Well, it did not occur to me that you could actually use that option after the failure. However, I think that a more controllable tool to run handlers selectively could be more powerful for recovering from unexpected deployment failures. For example, have ansible generate a file with a list of notified but not executed handlers, which you can edit as you want and then pass it to a ‘–handlers-file’ option, in a similar fashion to how limit files work for limiting hosts.

I wouldn’t want the system to generate two seperate files, but it could generate a new system for retries.

We can think about this.

I like the idea of having a powerful “–retry @retryfile” option with sensible defaults. The retry file could be as simple as a yaml file like the following: The “hosts” list would be auto-generated with the hosts that have failed, but it will be possible to remove/add some hosts, as well as use a host selection pattern instead of a list. The “start_at” would be auto-set to the task that has failed, since usually you don’t want to retry from the beginning. But could be removed to retry from the beginning or changed to another task before or after the task that failed. The last option (to retry starting after the failed task) could become useful in case you think that the failure is not that important and you don’t want to spend time fixing it at the time of the occurrence, but want a quick workaround by bypassing it at first and fixing it later. The “notify” directive would force the notification of the handlers in the list. This list would initially be auto-generated with handlers that had already been notified before the failure. The ansible user will have the option to manipulate the list according to what he thinks is best for recovering from the failure. He could remove some items from the list or remove the whole list. He could even add any extra handlers he thinks that are necessary. The “tags” directive would be auto-set to “all” to retry tasks whatever their tags may be, but could also be restricted by passing a list with specific tags. To make it even more powerful, the retry file could even support “pre_tasks” and “post_tasks” lists of one-time, ad-hoc tasks that the ansible user could quickly write to quickly work around unpredicted problems caused from an unexpected failure, before making a proper fix in his playbooks. What do you think?

I don’t think a start-at is reasonable because different tasks may fail at different points on different hosts.

It should only contain (for now) the list of tasks and handlers to force, and should rely on the playbook to do the right thing when re-run.

“list of tasks and handlers” => “list of failed hosts and handlers”.

This scenario could be easily handled by producing a separate retry file for each failed task.

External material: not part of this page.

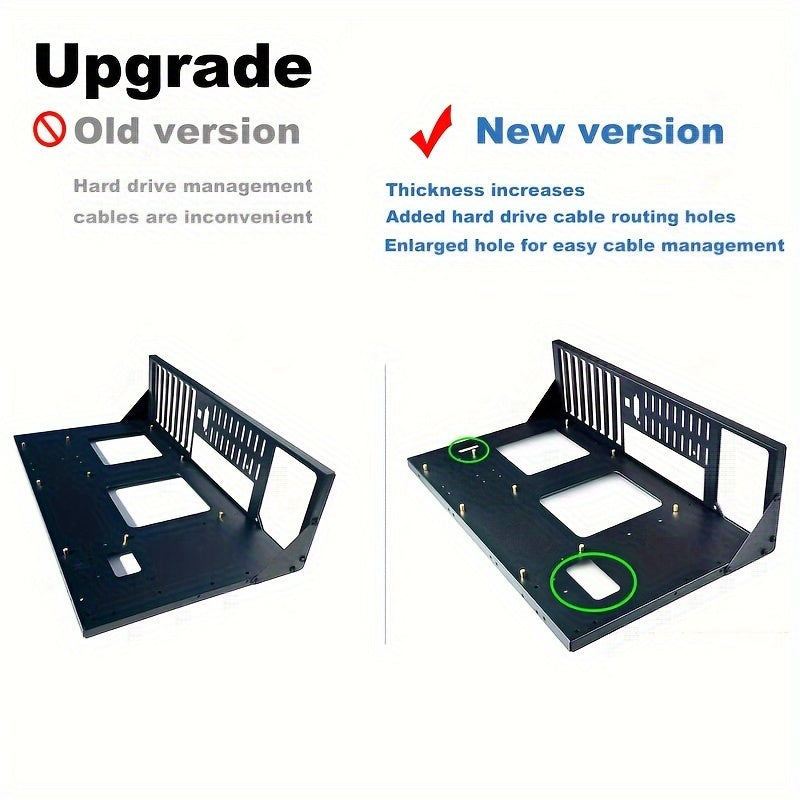 Black Alloy Steel Test Bench Case for MicroATX and ITX Motherboards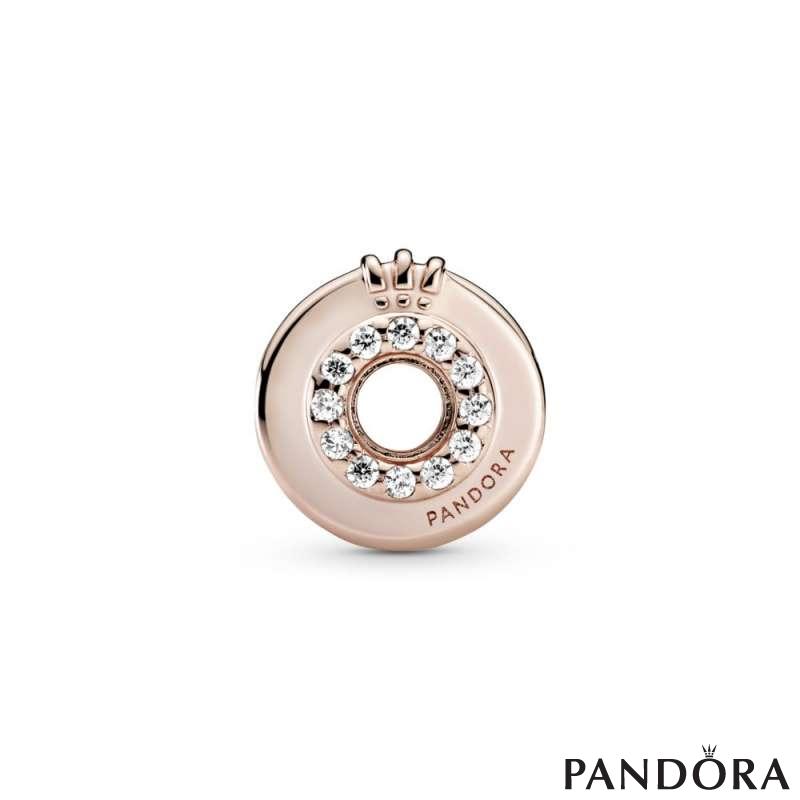 Open Centre Pavé Crown O Charm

Each file would have a ‘start_at’ directive preset to the failed task and a ‘hosts’ list with the hosts that failed on this task. Also the ‘–retry’ would support passing multiple retry files.

"This scenario could be easily handled by producing a separate retry file for each failed task. "

I’m not a fan of this, it would generate too many retry files.

Then another solution would be to have a single file with a separate yaml section for each failed task, like it is with multiple plays in one playbook.

We’re not going to do that.

But I am open to a new retry file that lists handlers that didn’t succeed.

We need to attack other things int he queue before researching this though.